Los Cabos IFF Review: Kenneth Lonergan’s ‘Manchester by the Sea’

Manchester by the Sea Movie Review - 2016 Kenneth Lonergan Film

Grieving is the most unnatural natural process. Kenneth Lonergan’s Manchester by the Sea grabs this process with both hands and shoves it deeply into its Carhartt pockets. It speaks with the language of New England, whose dialect has split and migrated to the stoic Midwest and the fiery South. It’s a collection of dormant volatility, like a set of blue collar volcanoes, that would give anything to change.
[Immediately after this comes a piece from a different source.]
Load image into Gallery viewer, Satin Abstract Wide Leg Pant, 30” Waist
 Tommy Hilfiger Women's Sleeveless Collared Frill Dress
Casey Affleck plays Lee, a handyman. He’s the guy you call when your apartment’s door is busted or your toilet’s clogged. He’s quiet, like most handymen are, sticking to the work. He lives in a one-room garden apartment, unfurnished and spartan. He confines himself to his work, his cell-like home and his own thoughts. At first, it’s presumably because of his geography (that’s just how they do it there), then it’s revealed to be part of a grieving process. Old wounds surface after Lee’s weak-hearted brother, Joe (Kyle Chandler, quiet and charming), finally succumbs to yet another heart attack. Lee travels up the Massachusetts coast to confront death and what comes after.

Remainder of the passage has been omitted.